Let me implement this example in lisp:

(defun rlogistic (n)
   (mapcar (lambda (x) (- (log (- (/ 1.0d0 x) 1.0d0)))) 
           (loop repeat n collect (random 1.0d0))))

(rlogistic 20)


(0.5298456541903203d0 1.4603376713652383d0 -1.0775289157562622d0
 1.5627801169043383d0 -1.0215871944697368d0 -1.4173250174419307d0
 0.22898138757999306d0 -2.2685264832576038d0 2.3764562183479594d0
 2.583270634601332d0 -0.7757976556550247d0 2.7727596538742056d0
 2.3677328735264105d0 3.5022446835705177d0 0.4078009528377661d0
 -0.9258251253274055d0 1.684671915269902d0 1.5960892904700303d0
 0.34092549767282637d0 2.428634046653897d0)

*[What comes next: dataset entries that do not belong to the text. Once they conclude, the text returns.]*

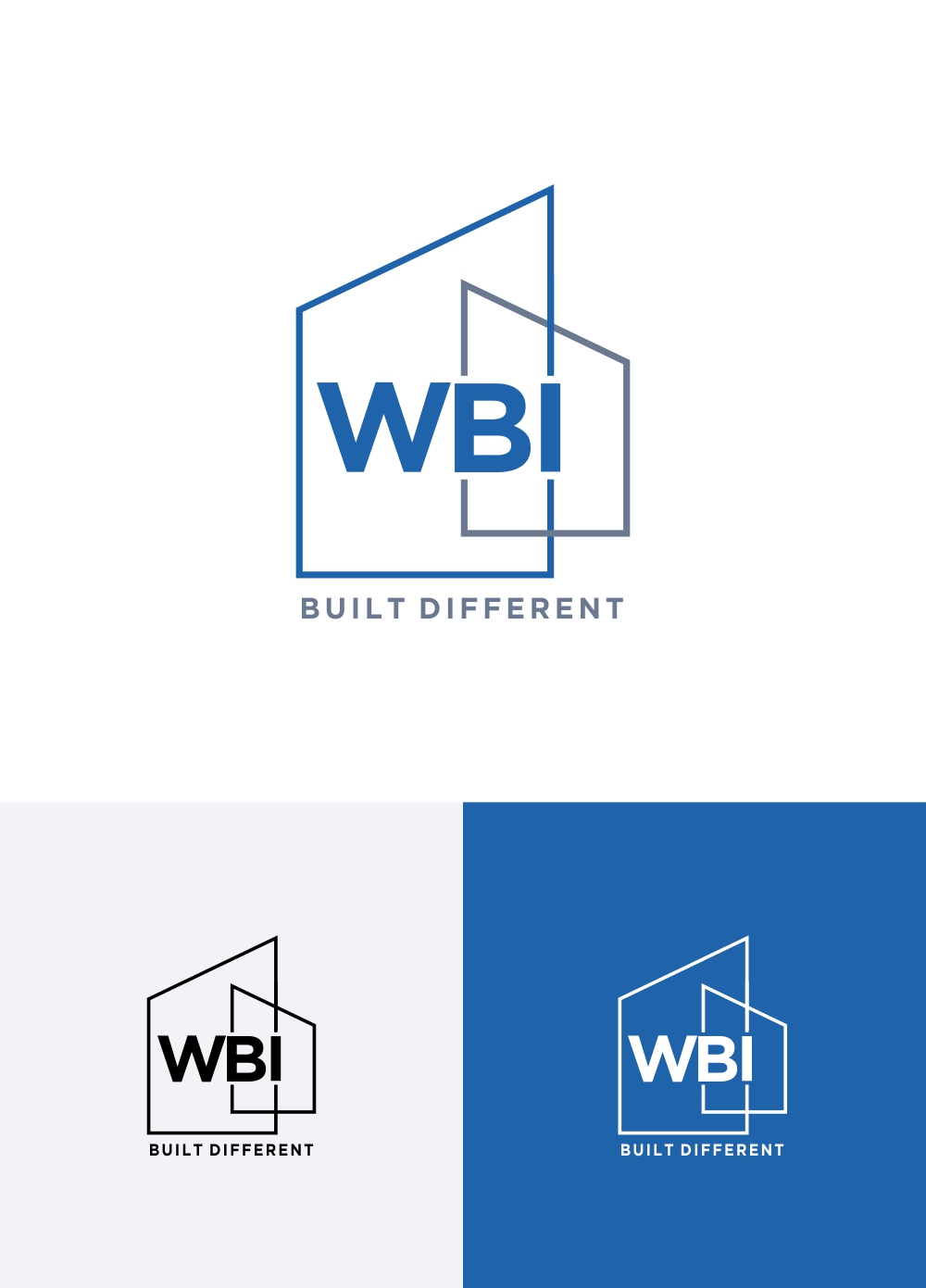 Logo Design by Goodpartner for this project | Design #34552173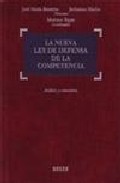 La nueva Ley de Defensa de la Competencia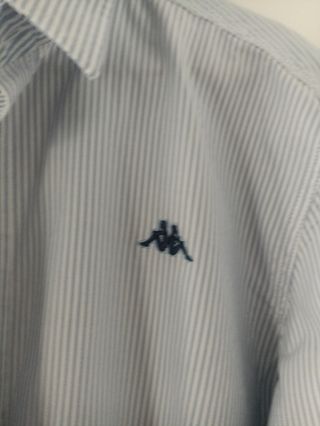 Camisa Kappa Betis talla XL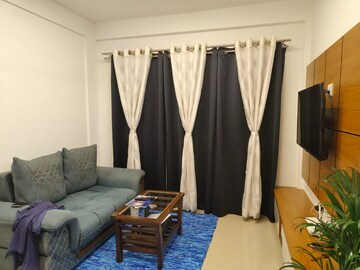 Bedroom in 1 BHK Apartment at Peninsula Address One, Gahunje – for Sale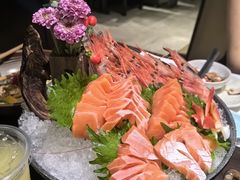 -匠和风精致料理(莆田财富中心店)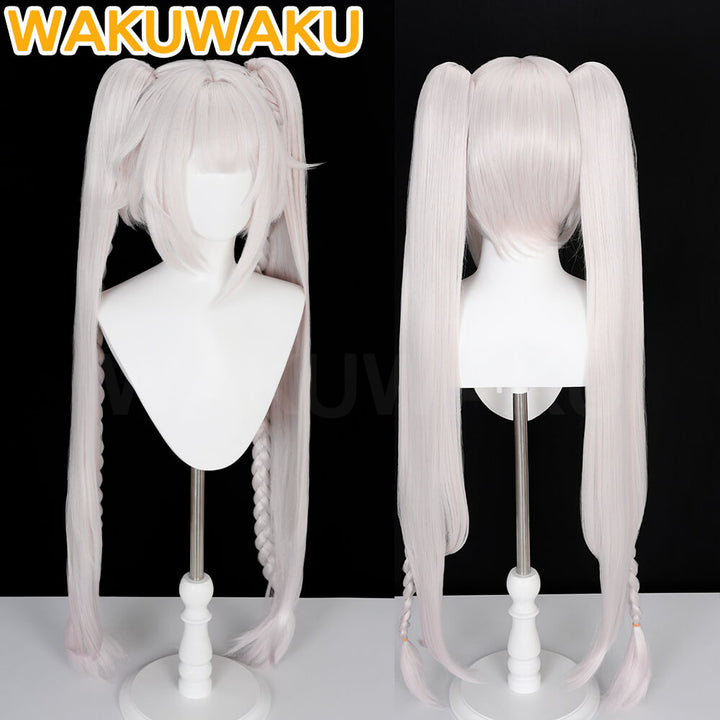 Sparxie Sparkle SP Wig Game Honkai: Star Rail Cosplay Wig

The arctangent function \(\arctan(x)\) looks like a cumulative distribution function, but it needs a little help.

It is also known as the standard Cauchy distribution, but for that one needs to transform the arctangent function to \(F(x) = \frac{1}{\pi}\arctan(x)+\frac{1}{2}\). Then its quartile function is \[ q(x) = \tan(\pi(x-½)) \]

Let me implement this in lisp as well:

(defun rcauchy (n)
   (mapcar (lambda (x) (tan (* pi (- x 5.0d-1))))
           (loop repeat n collect (random 1.0d0))))

(rcauchy 20)


(-0.6728178241045335d0 -4.3816447664507985d0 0.7182169549503769d0
 2.2713336517222817d0 -0.48030938137460755d0 0.04867258459647225d0
 -0.04317757748226266d0 1.2438239778244204d0 -0.6752213446978993d0
 -0.5400852348135747d0 -0.2834133390847261d0 -4.932859222280014d0
 0.17079522547651516d0 -3.3498087680276565d0 -1.4298686184346256d0
 0.4973818749248839d0 -0.36123936498421555d0 0.44849100016138715d0
 3.0923703098805753d0 -4.548038109047713d0)

My last example is called Rayleigh distribution

\[ f(x,\sigma) = \frac{x}{\sigma^2} e^{-x^2/2\sigma^2} \] This distribution works on the half infinite interval \(\[0,\infty)\), and its cumulative distribution function is \[ F(x,\sigma) = 1 - e^{-x^2/2\sigma^2} \] whose quartile function would be \[ q(x,\sigma) = \sigma \sqrt{2\ln(1/(1-x))} \] whose implementation will look like

(defun rrayleigh (n)
   (mapcar (lambda (x) (sqrt (* 2.0d0 (log (/ (- 1.0d0 x))))))
           (loop repeat n collect (random 1.0d0))))

(rrayleigh 20)


(2.0491697768168065d0 1.6971676917167022d0 1.230629172235978d0
 1.3360940539717456d0 0.9674690780386407d0 2.788813145388618d0
 2.1061746807804793d0 0.8321009769689073d0 1.0416711663387623d0
 1.1933751254466187d0 1.2673392219929287d0 0.943776637185836d0
 0.8617988749612544d0 0.8869880239628769d0 0.7372963125026611d0
 3.383064338683964d0 2.2447019432341575d0 1.511190782151179d0
 0.6115151660011018d0 1.089518226812614d0)

I took \(\sigma=1\) in the implementation. All one has to do is to multiply the generated numbers by \(\sigma\) to get the numbers one needs.